Task statement: Of the entries below, return exactly those lines that fall between the one containing "KitchenAid - Juego" and the one containing "Vordevia Lordul Întunecat", the two end lines included.
*** Opening Dataset ***
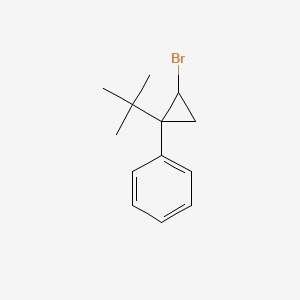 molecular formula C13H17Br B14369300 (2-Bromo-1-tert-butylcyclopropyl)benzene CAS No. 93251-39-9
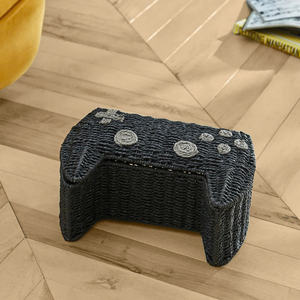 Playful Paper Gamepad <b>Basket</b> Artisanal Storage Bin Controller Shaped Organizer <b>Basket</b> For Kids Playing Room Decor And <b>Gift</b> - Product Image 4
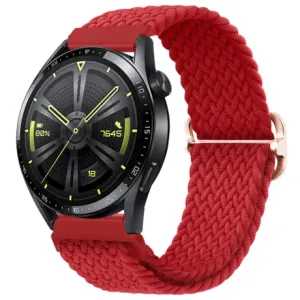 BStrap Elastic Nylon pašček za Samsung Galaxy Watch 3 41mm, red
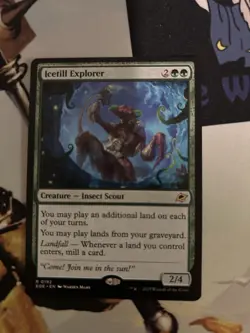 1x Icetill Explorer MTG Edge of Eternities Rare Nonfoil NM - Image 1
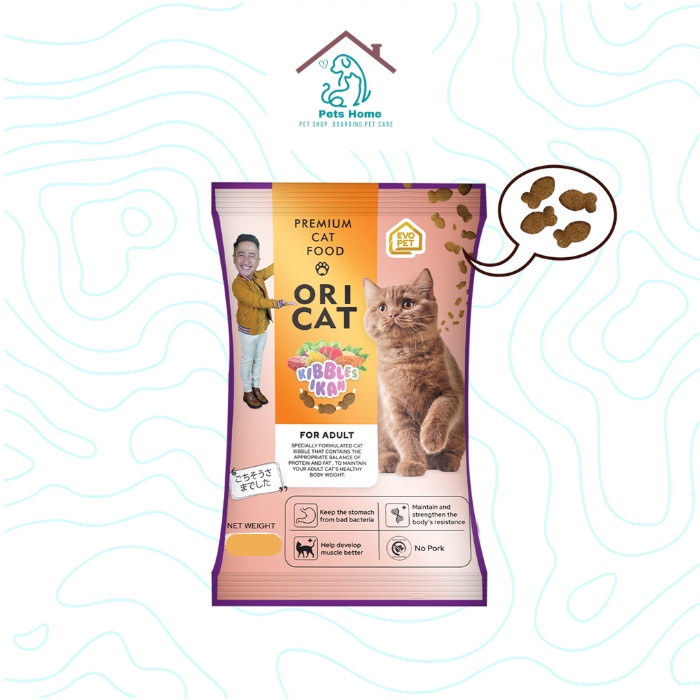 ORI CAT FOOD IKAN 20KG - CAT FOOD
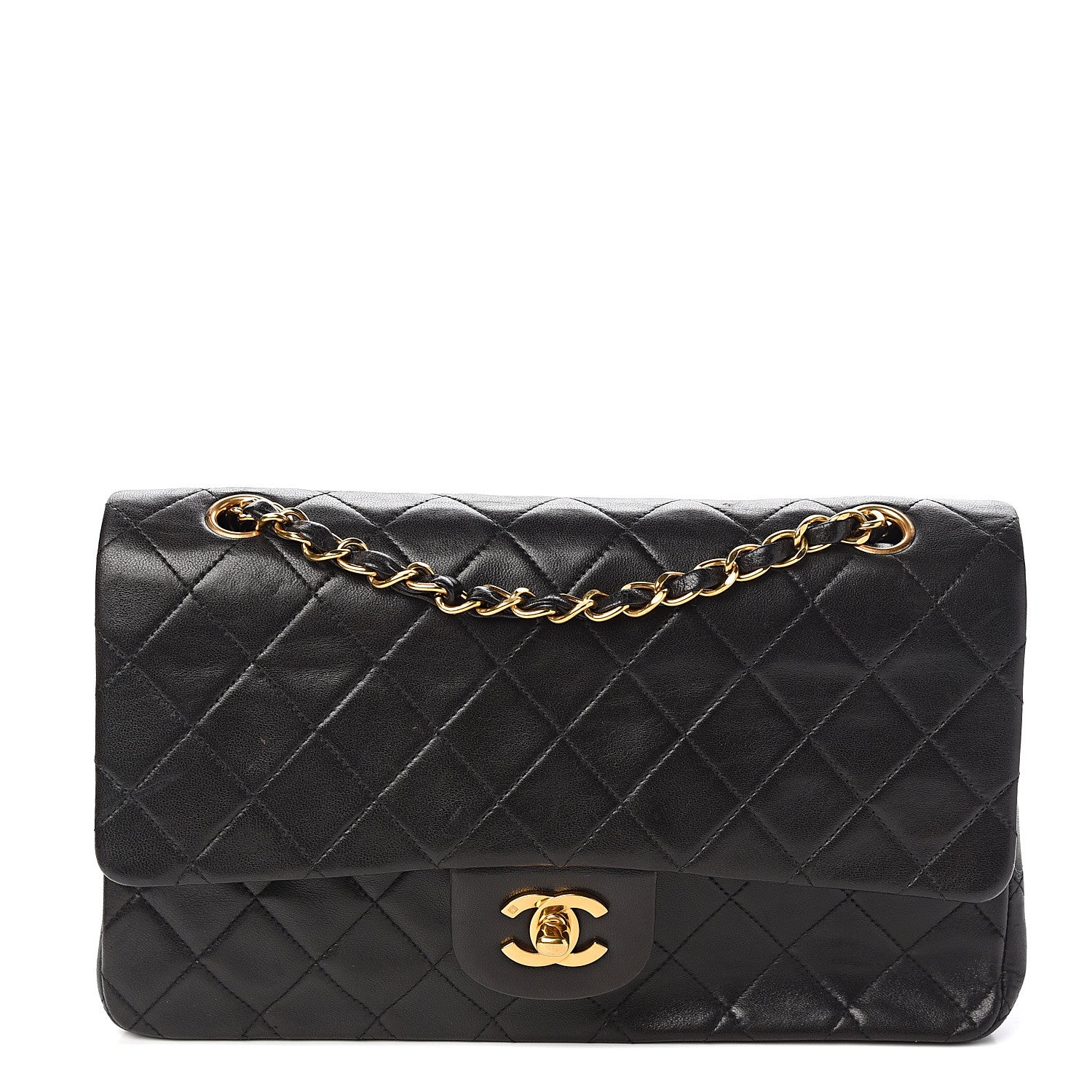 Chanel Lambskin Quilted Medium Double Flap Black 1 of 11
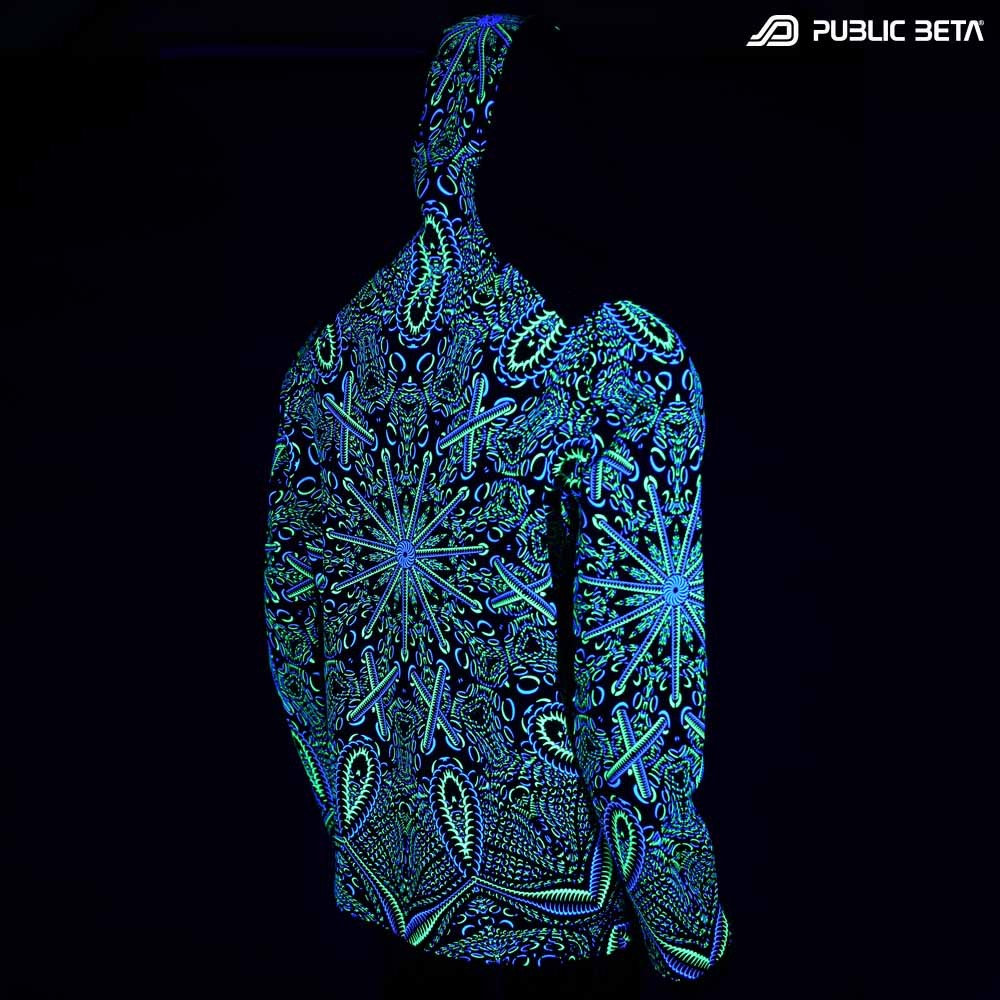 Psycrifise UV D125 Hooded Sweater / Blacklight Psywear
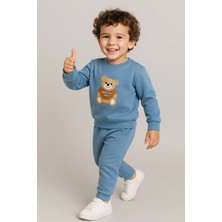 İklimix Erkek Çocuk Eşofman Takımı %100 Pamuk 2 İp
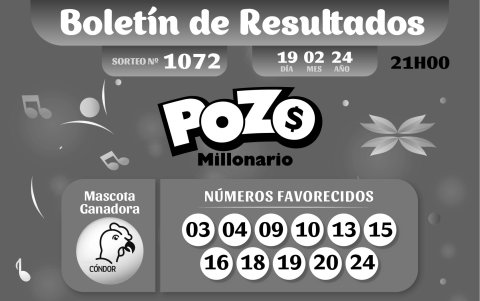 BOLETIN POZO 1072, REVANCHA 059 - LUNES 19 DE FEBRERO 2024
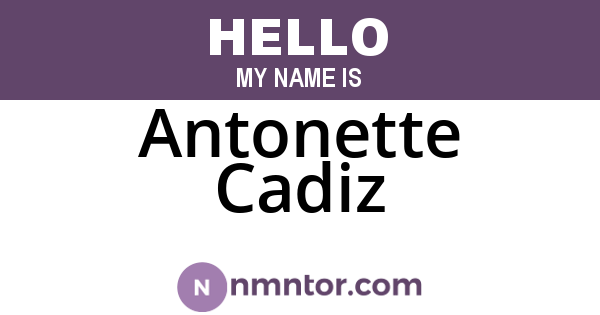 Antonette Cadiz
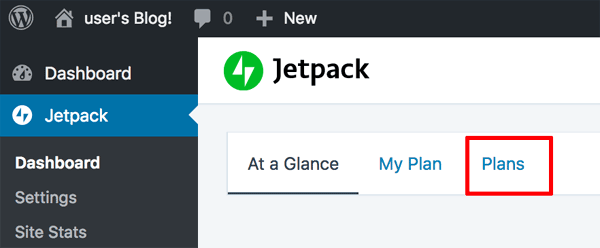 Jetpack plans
*** Closing Dataset ***
*** Opening Dataset ***
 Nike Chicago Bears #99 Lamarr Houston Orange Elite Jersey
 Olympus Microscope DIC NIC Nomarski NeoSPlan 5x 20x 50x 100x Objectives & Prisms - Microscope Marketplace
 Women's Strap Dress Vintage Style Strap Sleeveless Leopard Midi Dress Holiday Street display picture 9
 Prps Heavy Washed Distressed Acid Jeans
*** Closing Dataset ***
*** Opening Dataset ***
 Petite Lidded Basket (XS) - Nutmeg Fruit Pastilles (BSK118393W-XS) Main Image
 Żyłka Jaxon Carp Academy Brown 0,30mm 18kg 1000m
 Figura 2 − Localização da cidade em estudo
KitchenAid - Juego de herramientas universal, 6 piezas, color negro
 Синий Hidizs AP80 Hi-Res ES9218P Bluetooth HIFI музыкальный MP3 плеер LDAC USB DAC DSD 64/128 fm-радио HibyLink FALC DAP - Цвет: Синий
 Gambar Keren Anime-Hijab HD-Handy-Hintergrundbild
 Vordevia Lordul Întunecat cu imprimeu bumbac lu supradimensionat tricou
*** Closing Dataset ***
Reply to the exercise:
KitchenAid - Juego de herramientas universal, 6 piezas, color negro
 Синий Hidizs AP80 Hi-Res ES9218P Bluetooth HIFI музыкальный MP3 плеер LDAC USB DAC DSD 64/128 fm-радио HibyLink FALC DAP - Цвет: Синий
 Gambar Keren Anime-Hijab HD-Handy-Hintergrundbild
 Vordevia Lordul Întunecat cu imprimeu bumbac lu supradimensionat tricou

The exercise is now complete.